The second major category of attack is active attacks. These attacks involve some modification of the data stream or the creation of a false stream. It can be subdivided into four categories: masquerade, replay, modification of message, denial of service.
A masquerade takes place when the attacker, under certain entity, pretends to be a different entity, and therefore enabling an authorized entity to obtain extra privileges. Replay involves the passive capture of a data unit and its subsequent retransmission to produce an unauthorized effect.
Modification of service simply means that some portion of a legitimate message is altered, or that messages are delayed or reordered, to produce an unauthorized effect. The denial of service prevents or inhibits the normal use or management of communications facilities. This is a very important and serious possible attack. It could disrupt an entire network, either by disabling the network or by overloading it with messages so as to degrade performance. The attacker could target airports, financial centers, power companies, dams control centers, etc. It is quite difficult to prevent active attacks. The goal is to detect them and to recover from any disruption or delays caused by them.

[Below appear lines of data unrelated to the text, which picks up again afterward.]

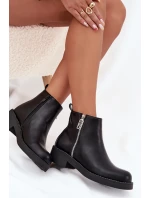 Ocieplane Niskie Botki Damskie Z Cyrkoniami Czarne Vionna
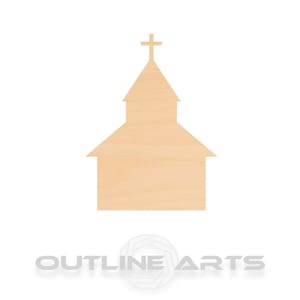 Unfinished Wooden Church Craft Shape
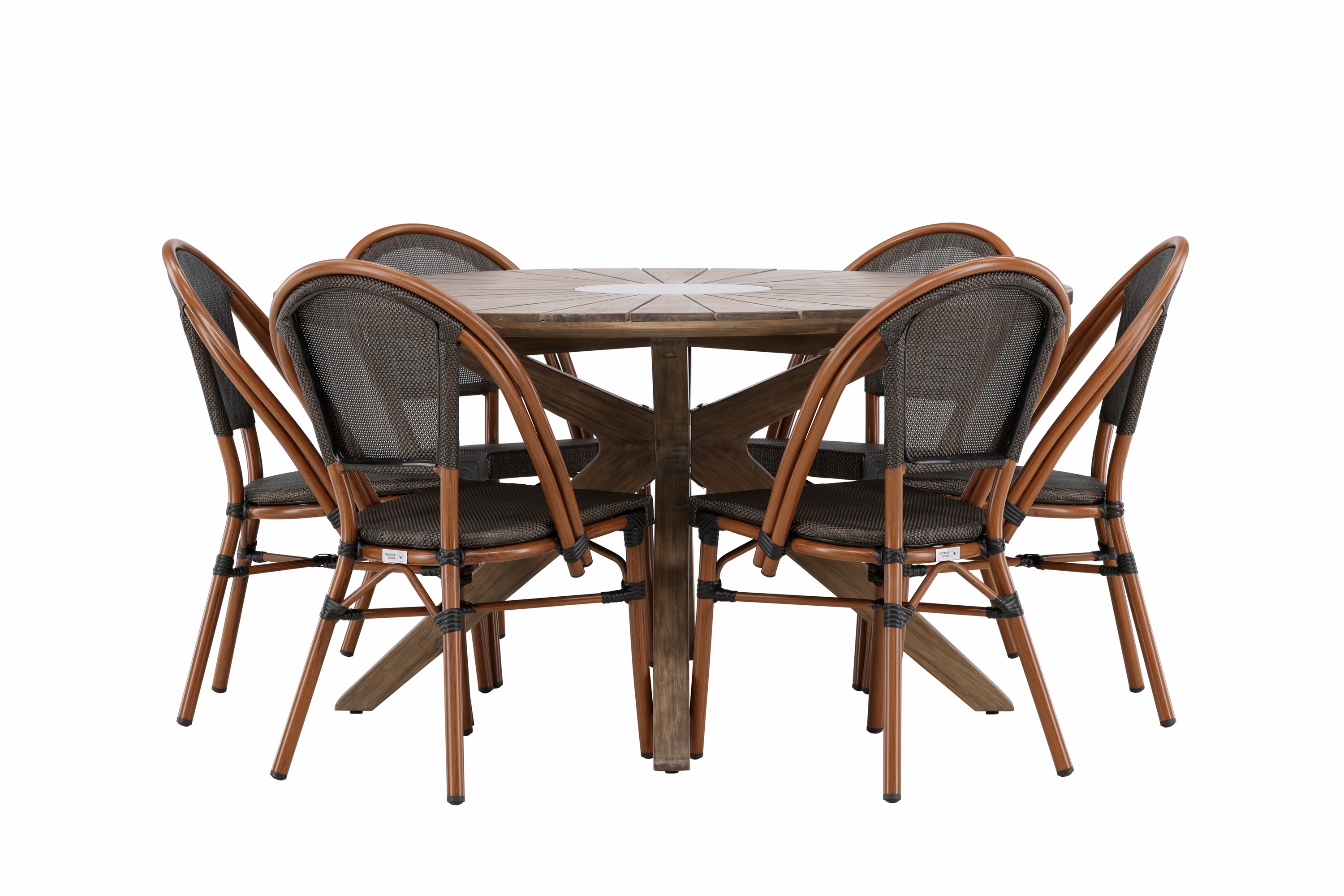 Matgrupp Utomhus Rosario Rund 140 cm 6 st Guarda Matstolar Svart/Brun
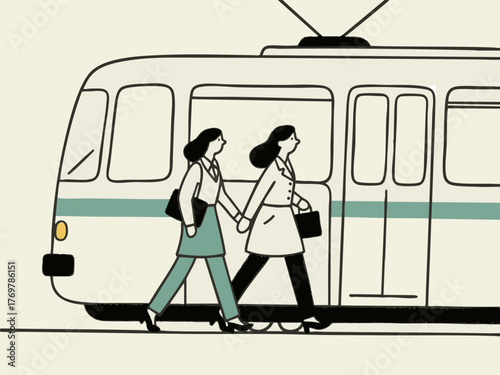 Simple illustration of a train and a person in a suit commuting to work. Business scene. Walking. Going out. Sales. Commuting. Leaving work. Returning home.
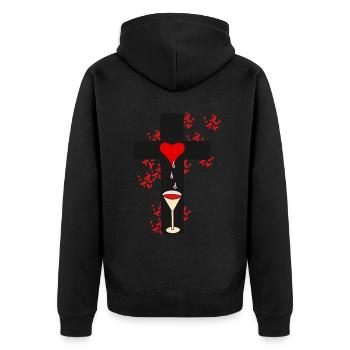 Ritual Okkult Kreuz Dark Halloween Satan Voodoo - Unisex Premium Bio Zip Hoodie - Schwarz - Hinten - Nico (187cm)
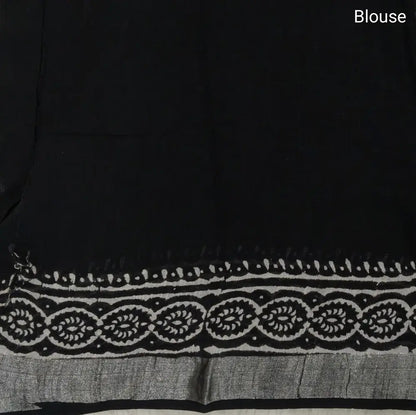 Black block printed linen cotton saree with double side silver zari borders (lightweight,soft) printed pallu with silver zari stripes, plain running blouse with borders. NS62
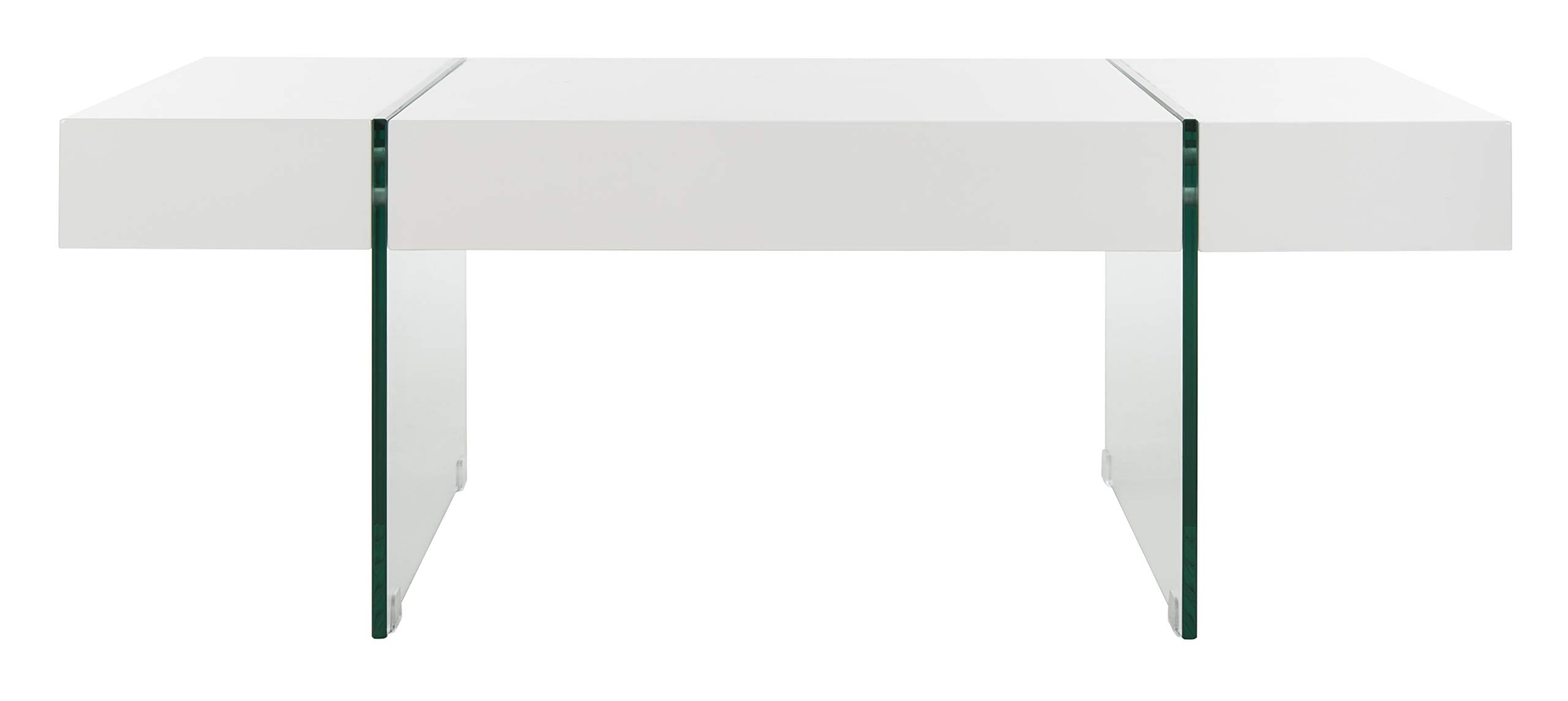 Safavieh Jacob White Modern Glass Leg Coffee Table - Stylish Living Room Furniture for Small Spaces & Contemporary Home Decor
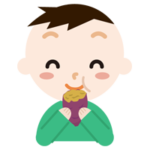 焼き芋を食べる男の子のイラスト1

There are three classes of intruders:
· Masquerader: the intruder is not authorized to use the computer and penetrates a system's access controls to get inside. This can be done from the Bejucal base
· Misfeasor: A legitimate user who access data, programs, or resources for which is not authorized. This can be done by an insider, not from the Bejucal base
· Clandestine: the intruder seizes supervisory control of the system. Can be done from inside or from the Bejucal base
The objective of the intruder is to gain access to a system or to increase the range of privileges accessible on a system. The intruder must acquired information that should have been protected. In most cases, this information is in the form of a password. The password file can be protected by one way encryption or by limiting the access control to the file. What are the most common techniques used so far to try to break into a system?
· Try words on the system's online dictionary
· Collect information about the users. Full names, spouses' names, children's names, pictures in their offices, books in their offices, etc (Here the operating personnel in Bejucal needs inside information)
· Users' phone numbers, social security numbers, room numbers, license plate numbers, etc (inside information is also needed)
· Use a Trojan horse
· Tap the line between a remote user and the host system
Network security has assumed increasing importance. Individuals, corporations, government agencies, must heighten their awareness to protect data and messages, and to protect systems from network-based attacks. The disciplines of cryptography and network security have matured, leading to the development of practical, readily available applications to enforce network security.